TelosTelos commented 3 years ago

It seems likely that we won't be able to do everything with (B) autodetection, so we'll need to (A) allow at least some explicit cues, both (1A) that an expression is a vector, and (2A) that we need to look up current values for it. So I'm tempted to implement this just with explicit cuing first, as a sort of proof-of-concept and useful working model, and then maybe add whatever layers of autodetection we feasibly can later.

So that faces us with the question of what explicit cueing to use. I'm currently inclined (1A) to compile .xy as though it is an attribute that defines overloaded vectorized operations. If we're using only explicit cuing, that would mean that any vectorized operation will need to be formatted along the following lines a.xy = c * b.xy + [0,1] (where c is clearly scalar here due to having no .xy, and two element lists are always construed as vectors).

I'm currently inclined to use a.updated.xy as the explicit cue to use sensor commands to provide up-to-date .xy info for object a. This can behave in larger expressions much as a.xy would.

Under the hood, I think I'll make as_value and as_target return a pair of values (e.g., [a_x,a_y] or [__temp22_x, __temp22_y] when they know they're dealing with a vector, and then I'll need to rewrite the various uses of these to check whether any operands are lists like this, and if so "broadcast" the non-lists to match them in a vectorized operation.

Lonami commented 3 years ago

I've lost track on why .xy is trickier.

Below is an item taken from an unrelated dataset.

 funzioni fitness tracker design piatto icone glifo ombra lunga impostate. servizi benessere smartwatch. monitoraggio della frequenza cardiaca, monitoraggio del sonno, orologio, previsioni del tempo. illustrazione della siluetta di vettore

Isn't it trivial? .xy always gets expanded to two operations with _x and _y (or whatever suffix/prefix), and .x or .y get expanded to one, their respective variables.

We treat vectors as immutable, much like single values, meaning they can't be changed in-place, and every change to a vector produces a new value. Thus this:

a.xy = vec(1, 2)
b.xy = a
a.x = 3
print(b.xy)

…shows (1, 2).

Basically .xy enables users to treat anything like a vector. The downside is they need to type this every time they want vector-like access.

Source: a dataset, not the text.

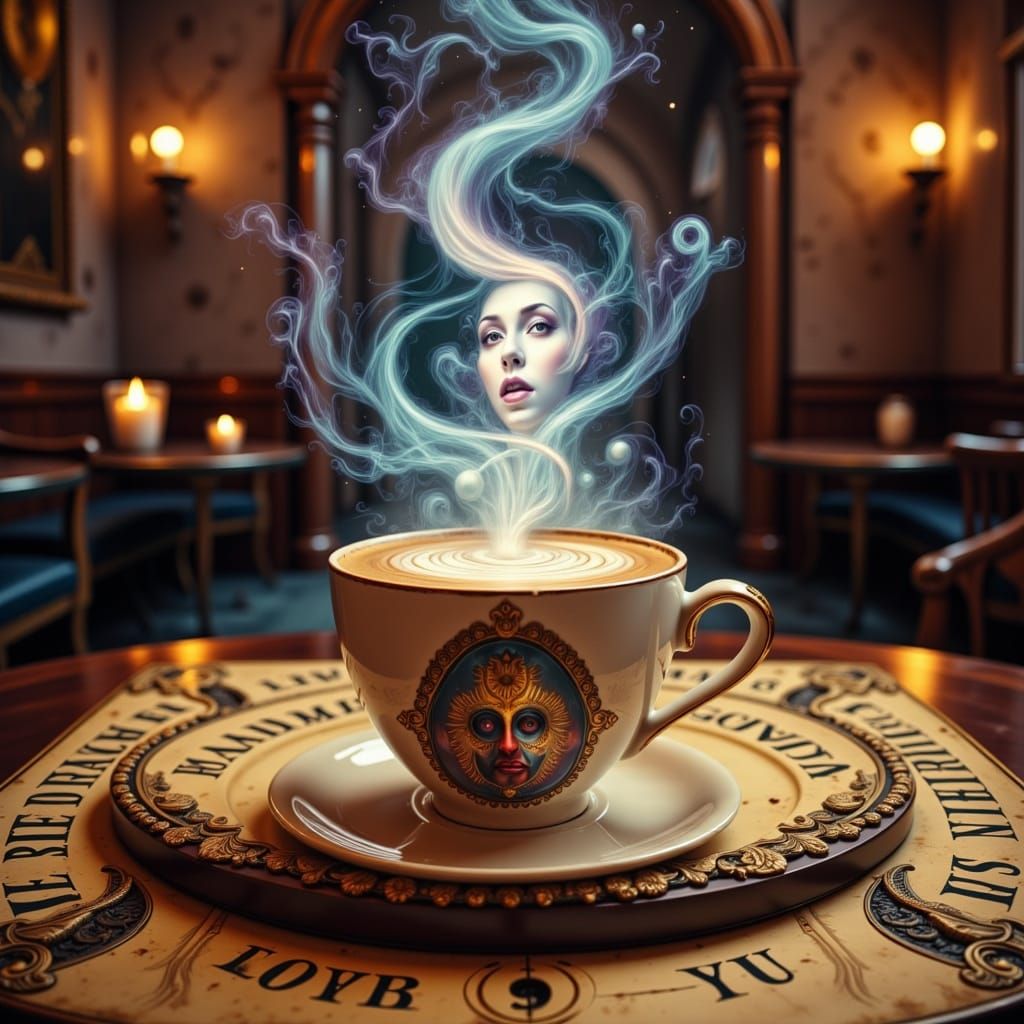Steaming Latte Artfully Renders Woman's Face on Ouija Board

Instead, the option of tracking types should be fine, but I think we should raise an error when the same variable is used as two different types if it occurs in any condition or loop (because the type "may or not change" and we can't know).

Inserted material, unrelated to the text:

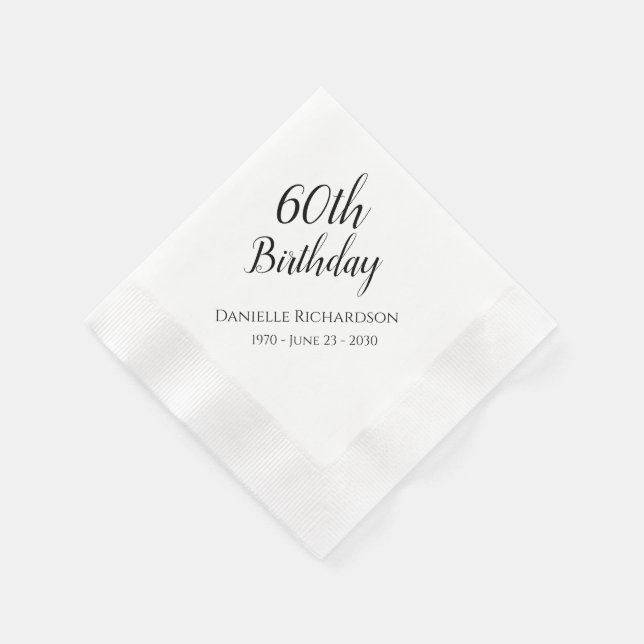 Guardanapos de papel para festa de 60 anos (Canto)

Supporting the jumps from Python you suggest also makes type tracking at compile time impossible.

TelosTelos commented 3 years ago

It sounds like we're leaning in the same direction for now, of including lots of .xy's in vectorized operations.

I guess I've used NumPy (and other operator-overloaded NumPy-like setups) enough that I'd rather not have to include all the .xy's and would rather refer to vector-like objects simply by name in mathematical operations. But those systems work because Python has a full-fledged class system, whereas mlog has only whatever approximation of this we manage to implement ourselves, and it may well be that the best we're willing to do requires explicit .xy's all over the place.

Good point about flow-tracing becoming even trickier when arbitrary jump-destinations are allowed. Glad I'm not planning to do flow-tracing!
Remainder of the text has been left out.